PROBLEM TO SOLVE :: Without the pictures, repeat the listing character for character.

INPUT DATA ::

------------------------------------

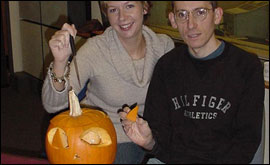Jonathan and Katie from the breakfast show making a pumpkin face and awarding the prizes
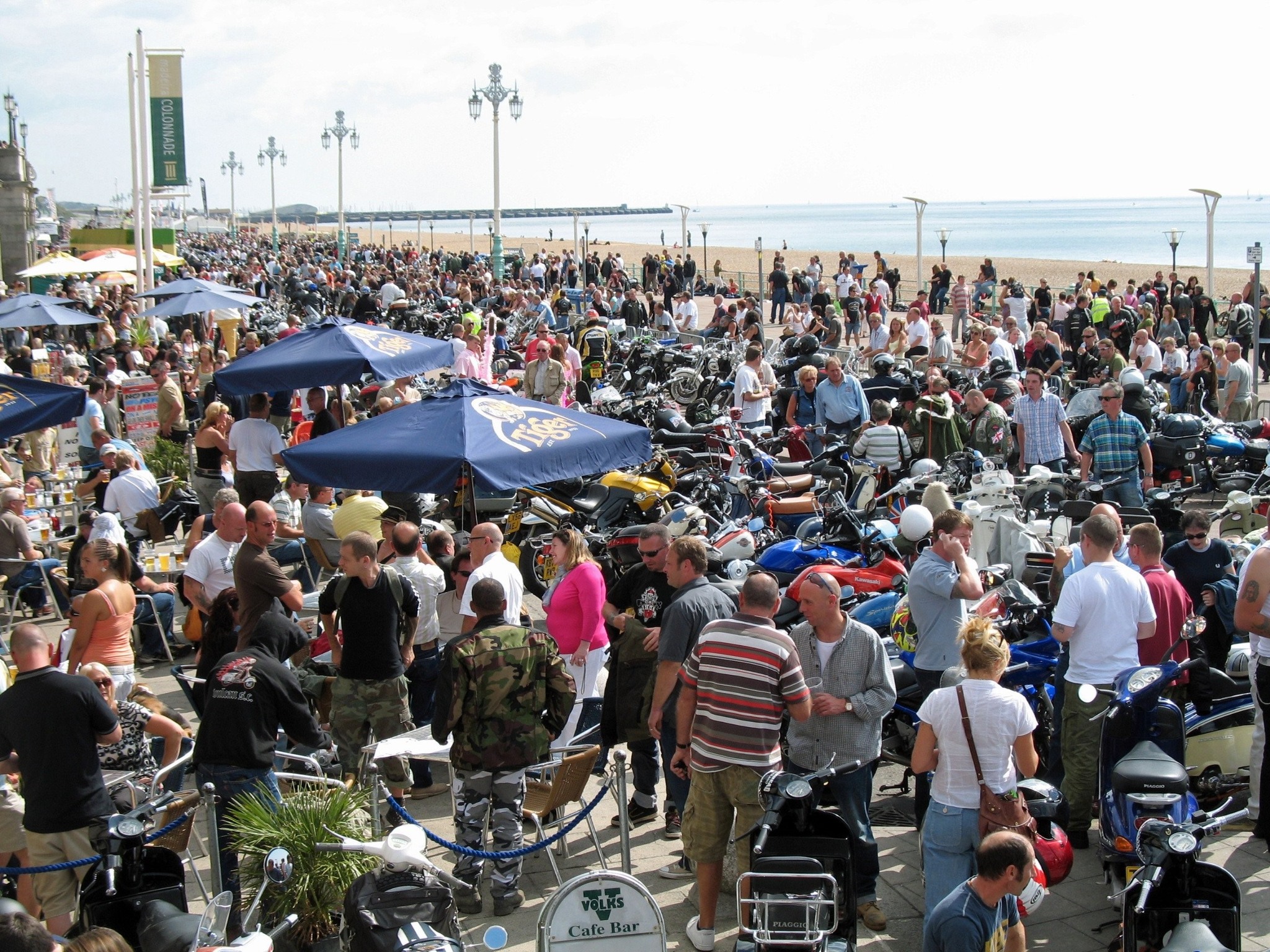 group of people gathered at Brighton seafront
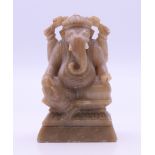 A carved stone model of a Ganesh. 7 cm high.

------------------------------------

ANSWER FOR THIS EXERCISE ::
Jonathan and Katie from the breakfast show making a pumpkin face and awarding the prizes
 group of people gathered at Brighton seafront
 A carved stone model of a Ganesh. 7 cm high.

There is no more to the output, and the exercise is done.